2. Much less can human works, which are done over and over again with the aid of natural precepts, so to speak, lead to that end.

13. Free will, after the fall, exists in name only, and as long as it does what it is able to do, it commits a mortal sin.

16. The person who believes that he can obtain grace by doing what is in him adds sin to sin so that he becomes doubly guilty.

18. It is certain that man must utterly despair of his own ability before he is prepared to receive the grace of Christ.

19. That person does not deserve to be called a theologian who looks upon the invisible things of God as though they were clearly perceptible in those things which have actually happened [Rom. 1.20]. 

20. He deserves to be called a theologian, however, who comprehends the visible and manifest things of God seen through suffering and the cross.

21. A theologian of glory calls evil good and good evil. A theologian of the cross calls the things what it actually is.

22. That wisdom which sees the invisible things of God in works as perceived by man is completely puffed up, blinded and hardened.

23. The law brings the wrath of God, kills, reviles, accuses, judges, and condemns everything that is not in Christ [Rom. 4.15].

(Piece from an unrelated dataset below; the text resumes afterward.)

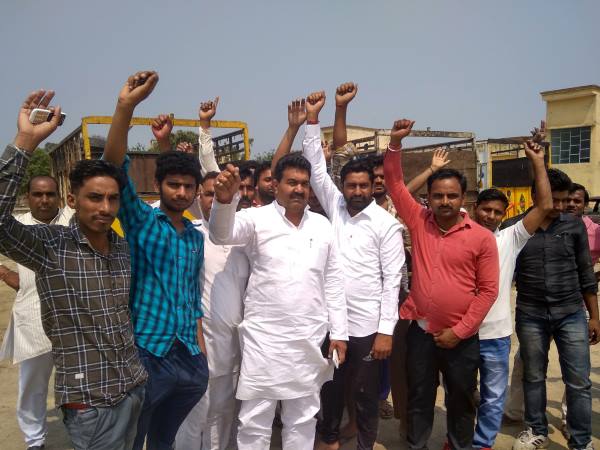 Eight accused arrested with Eighty quintle cow meet in Saharanpur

24. Yet that wisdom is not of itself evil, nor is the law to be evaded; but without the theology of the cross man misuses the best in the worst manner.

25. He is not righteous who does much, but he who, without work, believes much in Christ.

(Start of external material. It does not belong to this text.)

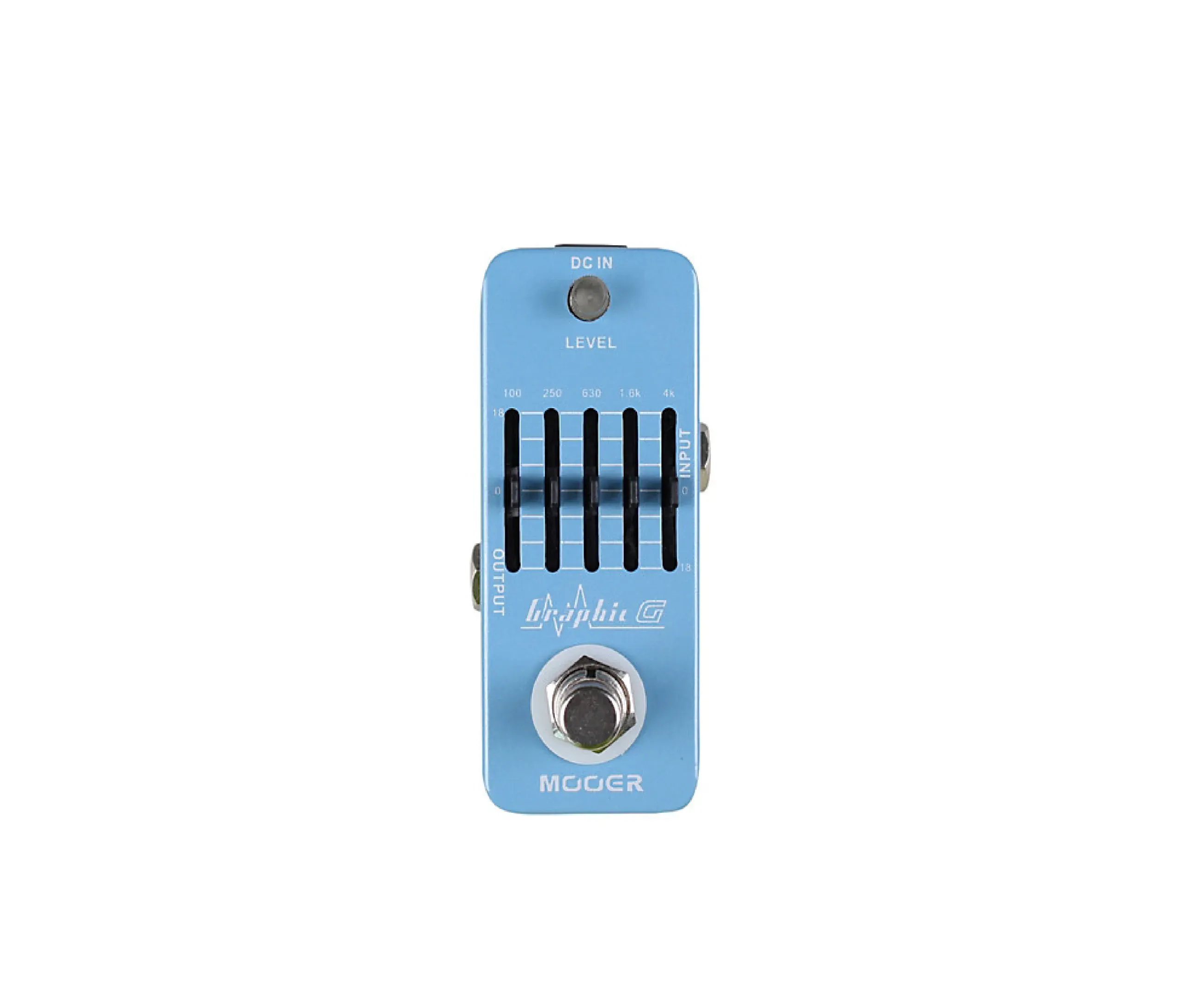 Mooer Graphic G Guitar Equalizer Effects Pedal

26. The law says "Do this", and it is never done. Grace says, "believe in this" and everything is already done.

27. Actually one should call the work of Christ an acting work and our work an accomplished work, and thus an accomplished work pleasing to God by the grace of the acting work.

28. The love of God does not find, but creates, that which is pleasing to it. The love of man comes into being through that which is pleasing to it.


----------



## pm (Sep 14, 2008)

To DMcFadden:

Most enlighning indeed!


----------



## JBaldwin (Sep 14, 2008)

Seems to me that the sin of man-centered worship which focuses on what God can do for me goes all the way back to the fall.


----------



## FrielWatcher (Sep 14, 2008)

Here is from Finney himself which is kind of odd...

How to Preach So As To Convert Nobody.


> Rule 1st. Let your supreme motive be to secure your own popularity; then, of course, your preaching will be adapted to that end, and not to convert souls to Christ.
> 
> 2. Aim at pleasing, rather than at converting your hearers.
> 
> ...


----------



## DMcFadden (Sep 15, 2008)

JBaldwin said:


> Seems to me that the sin of man-centered worship which focuses on what God can do for me goes all the way back to the fall.





Our American penchant for pragmatic efficiency and mechanical use of "means" owes an enormous amount to Finney.

When I had a Church Growth course with C. Peter Wagner back in the 70s, I called it "pastoring by pocket calculator." (Actually, back then, it was more "pastoral strategies by sliderule." )


----------